Hey.
Im trying to flash iPXE into a PCIe RTL8111B/RTL8111C. VEN DEV id is 10ec:8168. (integrated into a ASUS P6T SE Motherboard)
Have tried with numerious flash tools, RTFLASH.EXE, flashrom.exe etc.
None of them can see the card.
The RTFLASH.EXE one is pretty old, 2000 something. Anyone know where I can get a newer one?
Or does anyone know a way to flash the ROM?
Onboard components don't usually have a separate ROM, they're all bundled inside the BIOS.
An integrated/on-board network card must usually be flashed by modifying the BIOS firmware of the motherboard. You'll need to find the appropriate tool for your BIOS, swap out the existing PXE ROM inside the BIOS image file, rewrite it (make sure checksums match) and then flash your updated BIOS to your motherboard.
This is generally something I don't recommend, unless your motherboard has a recovery function, as it can easily cause a bricked motherboard if you do anything wrong. Use chainloading instead. Most of the RTL8111s I've encountered do that quite well.
Solved it, but did stuck into Another problem.
Used MMTool to modify the latest ROM to insert a iPXE I did compile replacing the PXE rom inside the BIOS, did work on the first try without any checksum rewriting, guess the MMtool did that for me.
Finding the right PCI option rom was not a problem either, I only needed to look at the vendor/PCI IDs and pick the matching one:
Then flashed it:
After reboot, SUCESS!:
Into the iPXE works:
Also it boots the example bootscript provided successfully... BUT...
The computer has 6 GB of RAM and wont boot a 200mb WIM image:
Whats the problem?
It links me to this site:
http://ipxe.org/err/340120
Are you pressing Ctrl-B at the first instance you get it up during POST? That is most likely too early, as it is during the BIOS init phase. There is a diagram at networkboot.org/fundamentals that illustrates the BIOS boot process. If you're pressing Ctrl-B during the yellow process it's too early. You should do it during the blue process. If you try to use iPXE directly during the yellow process (init) then memory and such things might not be completely initialized and you get odd problems.

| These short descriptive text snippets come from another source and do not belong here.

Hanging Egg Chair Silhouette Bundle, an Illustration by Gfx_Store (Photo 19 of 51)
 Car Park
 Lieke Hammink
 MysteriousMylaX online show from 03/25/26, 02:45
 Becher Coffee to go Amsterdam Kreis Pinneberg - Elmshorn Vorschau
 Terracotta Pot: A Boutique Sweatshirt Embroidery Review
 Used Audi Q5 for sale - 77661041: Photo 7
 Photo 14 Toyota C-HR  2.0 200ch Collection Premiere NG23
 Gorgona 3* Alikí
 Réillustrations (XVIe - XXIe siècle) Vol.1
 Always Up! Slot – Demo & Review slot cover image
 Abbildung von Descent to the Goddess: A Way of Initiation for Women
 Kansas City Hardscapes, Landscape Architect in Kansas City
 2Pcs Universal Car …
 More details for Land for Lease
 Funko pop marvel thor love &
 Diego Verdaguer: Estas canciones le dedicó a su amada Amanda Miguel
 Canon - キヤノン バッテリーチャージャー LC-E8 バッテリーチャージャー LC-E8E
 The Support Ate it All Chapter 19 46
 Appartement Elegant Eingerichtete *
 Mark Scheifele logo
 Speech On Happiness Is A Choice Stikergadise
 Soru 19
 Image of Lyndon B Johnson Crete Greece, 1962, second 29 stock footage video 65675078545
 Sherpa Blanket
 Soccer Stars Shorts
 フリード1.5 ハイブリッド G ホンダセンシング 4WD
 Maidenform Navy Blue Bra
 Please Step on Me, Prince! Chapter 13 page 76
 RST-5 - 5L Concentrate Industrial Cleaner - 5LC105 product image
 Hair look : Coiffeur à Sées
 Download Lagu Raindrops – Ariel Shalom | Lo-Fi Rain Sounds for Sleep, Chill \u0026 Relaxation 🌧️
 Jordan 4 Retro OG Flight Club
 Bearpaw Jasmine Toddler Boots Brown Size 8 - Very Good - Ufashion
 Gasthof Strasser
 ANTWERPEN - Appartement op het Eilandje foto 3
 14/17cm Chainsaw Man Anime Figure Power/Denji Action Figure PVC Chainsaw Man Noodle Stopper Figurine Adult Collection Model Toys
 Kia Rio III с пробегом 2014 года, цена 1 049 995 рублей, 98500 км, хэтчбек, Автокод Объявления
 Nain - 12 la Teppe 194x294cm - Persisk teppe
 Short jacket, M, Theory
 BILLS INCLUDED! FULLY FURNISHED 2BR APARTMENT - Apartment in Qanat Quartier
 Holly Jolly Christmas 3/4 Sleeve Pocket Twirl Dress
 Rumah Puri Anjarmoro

I did set iPXE farthest up in boot order and press CTRL+B at the first instance. Its no yellow or blue, theres only a White CTRL+B prompt, then nothing more. If I dont press CTRL+B Quick enough, screen becomes permanently black (propably because no PXE file is served in DHCP).
m just using the prompt to test.
Having further problems with sanboot, Ill create a new thread about sanboot.
The screen is always white on black. I meant the yellow/blue parts of the diagram. The first time you see iPXE it is for the BIOS init phase. You should NOT press Ctrl-B during this time. Then you should get it once more when it tries to boot the devices in the boot order. That is when you should press Ctrl-B to get to the iPXE shell.
Same here:
It turned out that I was CTRL+Bing too early. The reason I didn't get the second prompt was something I noticed when carefully watching the boot process....
under 0,1 seconds, it flashed "NVRAM: Unable to copy PCI Boot Rom [Insufficent Space]"
or something similiar.
Turned out my ROM image was too large. Shaving off features by modifying general.h in config folder leaving only iSCSI, HTTP, script intepreter and menu function, so it come under 64kb solved all problems.
That also solved my SANBOOT problems in my other thread.
On my P8Z77-V LX UEFI board I have a RtkUndiDxeX64_0 module.
Can I replace it with the .efirom ixpe module? What's the status of UEFI implementation?
Btw I have the same Realtek Chip 10ec8168 and I didn't get the board to iSCSI boot my windows.